Wednesday, July 20, 2011

Removing entries from a Java Collection

Let's look at some simple code:
public static void main(String[] args) {
  Map<String, String> m = new HashMap<String, String>();
  m.put("A", "B"); m.put("C", "D"); m.put("E", "F");
  for (Map.Entry<String, String> e : m.entrySet()) {
    if (e.getValue().equals("D")) {
      m.remove(e.getKey());
    }
  }
} 
After setting up a map which contains three entries (A->B, C->D, E->F), it iterates over its entries and removes an entry, if it matches a certain condition.
Compile, Run, works perfectly (on my machine, with my JDK, etc.)

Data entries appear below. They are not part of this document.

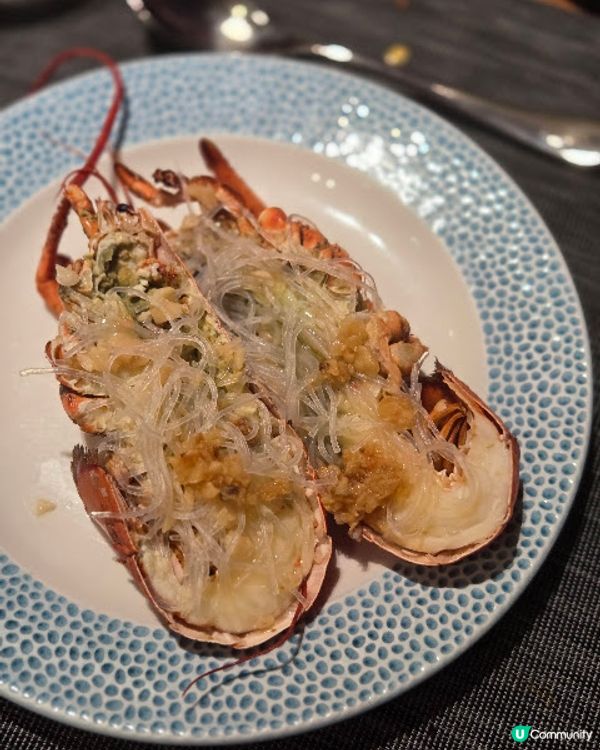 The Food Gallery - 蟹迷夢想成真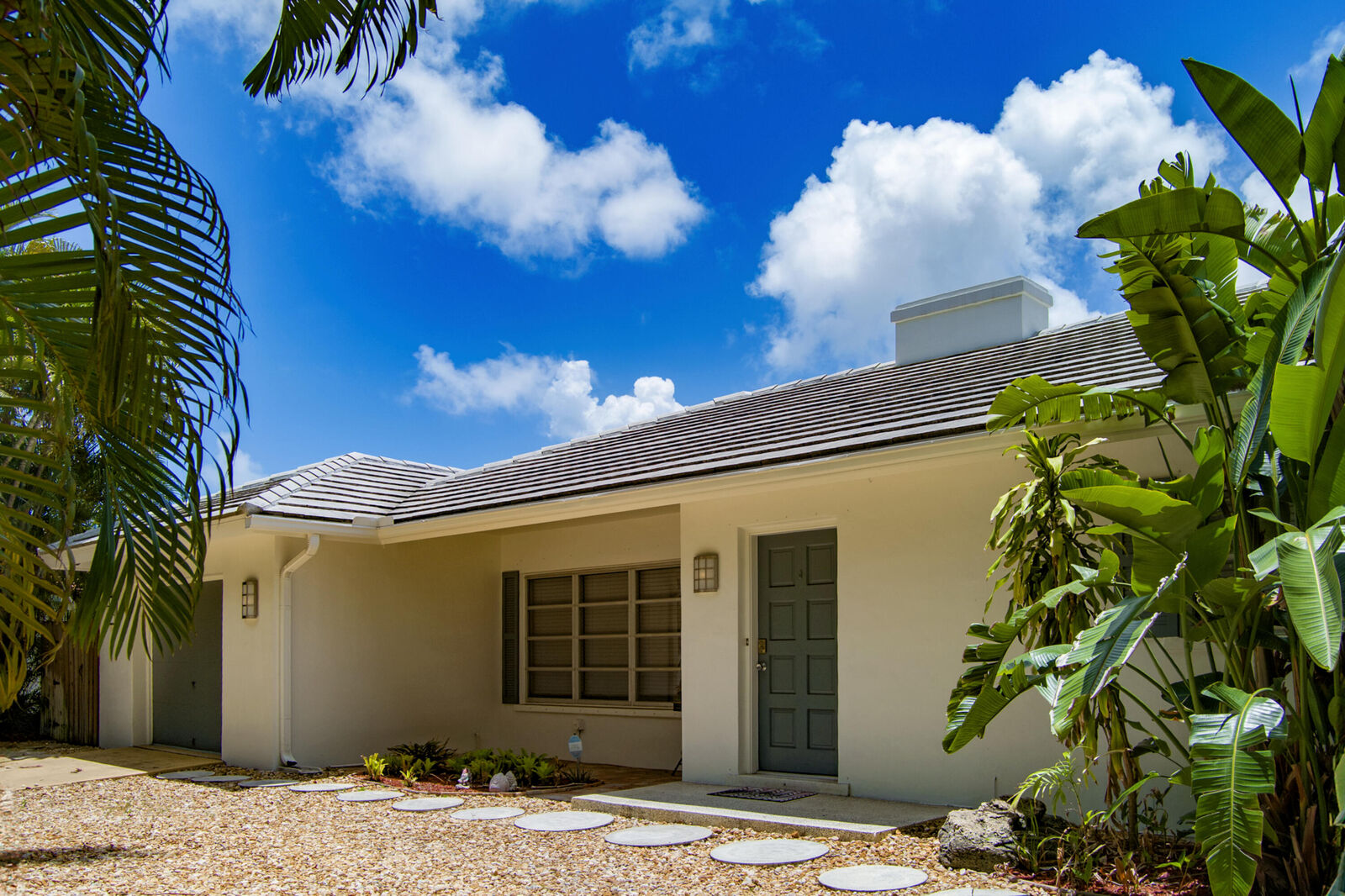 Property Photo: 1348 SW 4th Street FL 33486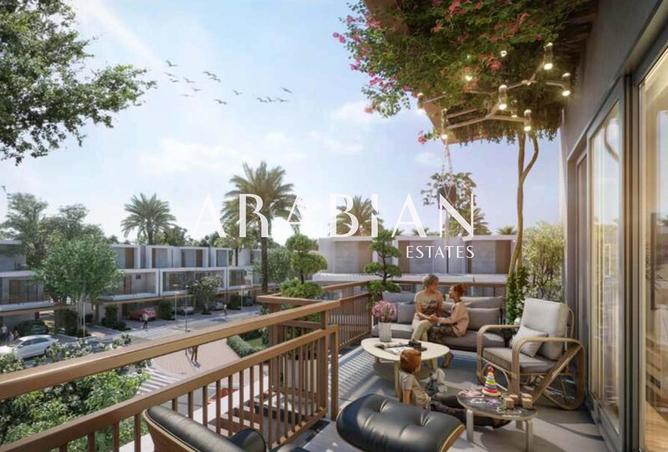 70292081 - صورة العقار 3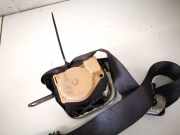 Sicherheitsgurt - Vorne Linke Suzuki Liana, 2004.04 - 2007.12 8492055g2,84920-55g2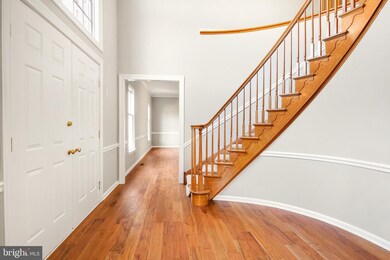 126 Drew Dr, Feasterville Trevose, PA 19053 - photo 2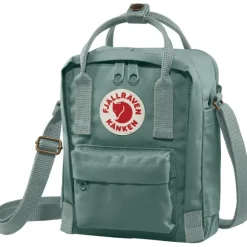 Fj&auml;llr&auml;ven Kanken Sling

Now we just change the condition to:
if (e.getValue().equals("B")) {

Compile, Run, oops - we get a ConcurrentModificationException like this:
Exception in thread "main" java.util.ConcurrentModificationException
  at java.util.HashMap$HashIterator.nextEntry(HashMap.java:793)
  at java.util.HashMap$EntryIterator.next(HashMap.java:834)
  at java.util.HashMap$EntryIterator.next(HashMap.java:832)
  at prv.rli.codetest.CodeTest.main(CodeTest.java:11)

Why?
  • The for (x : y) statement is syntactic sugar for the old school collection iteration with an Iterator:
    Iterator<Map.Entry<String, String>> it = m.entrySet().iterator();
    while (it.hasNext()) {
    Map.Entry<String, String> e = it.next();
    }
  • An Iterator may throw a ConcurrentModificationException (a RuntimeException), if you change the collection it iterates over.



But why only with "B"?
  • Pure luck. The HashMap happens to be ordered like this: {E=F, A=B, C=D}, therefore the entry with value D is the last one and since the iterator will return false for hasNext(), we leave the loop, next() is no longer called and nothing happens.
So what is the correct way of removing an element from a map? There are several ways, which we will look at: Using the remove method of the iterator
Iterator<Map.Entry<String, String>> it = m.entrySet().iterator();
  while (it.hasNext()) {
    Map.Entry<String, String> e = it.next();
    if (e.getValue().equals("B")) {
      it.remove();
    }
  }
The Iterator interface provides a remove method, which will remove the element the last call to next() returned. Unfortunately the remove method may not be supported by some iterators. In this case the call to remove() would throw an UnsupportedOperationException. If we cannot use it.remove() we can also remember the keys of elements to remove and remove them after the iteration has completed:
  Set<String> toRemove = new HashSet<String>();
  for (Map.Entry<String, String> e : m.entrySet()) {
    if (e.getValue().equals("B")) {
      toRemove.add(e.getKey());
    }
  }
  m.keySet().removeAll(toRemove);
Note that we can use the for (x : y) notation here. Finally, if you remove most elements of a collection you can also create a new collection and only copy those elements you want to keep:
  Map<String, String> m2 = new HashMap<String, String>();
  for (Map.Entry<String, String> e : m.entrySet()) {
    if (!e.getValue().equals("B")) {
      m2.entrySet().add(e);
    }
  }
  m = m2;

This may have advantages in terms of memory consumption, because the new collection will not waste space for deleted entries.